Available data ::

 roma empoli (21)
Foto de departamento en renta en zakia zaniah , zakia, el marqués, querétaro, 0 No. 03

---

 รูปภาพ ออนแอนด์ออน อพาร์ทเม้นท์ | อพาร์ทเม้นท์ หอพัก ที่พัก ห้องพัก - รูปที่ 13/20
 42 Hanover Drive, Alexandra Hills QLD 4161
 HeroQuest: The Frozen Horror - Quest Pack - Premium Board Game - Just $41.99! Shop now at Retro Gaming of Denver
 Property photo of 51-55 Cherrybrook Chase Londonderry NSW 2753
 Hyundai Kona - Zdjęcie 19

Exercise description :: Could you repeat exactly the lines in the listing above from the one with "roma empoli (21)" down to the one with "Foto de departamento"? Include both of those lines.

Task response ::
 roma empoli (21)
Foto de departamento en renta en zakia zaniah , zakia, el marqués, querétaro, 0 No. 03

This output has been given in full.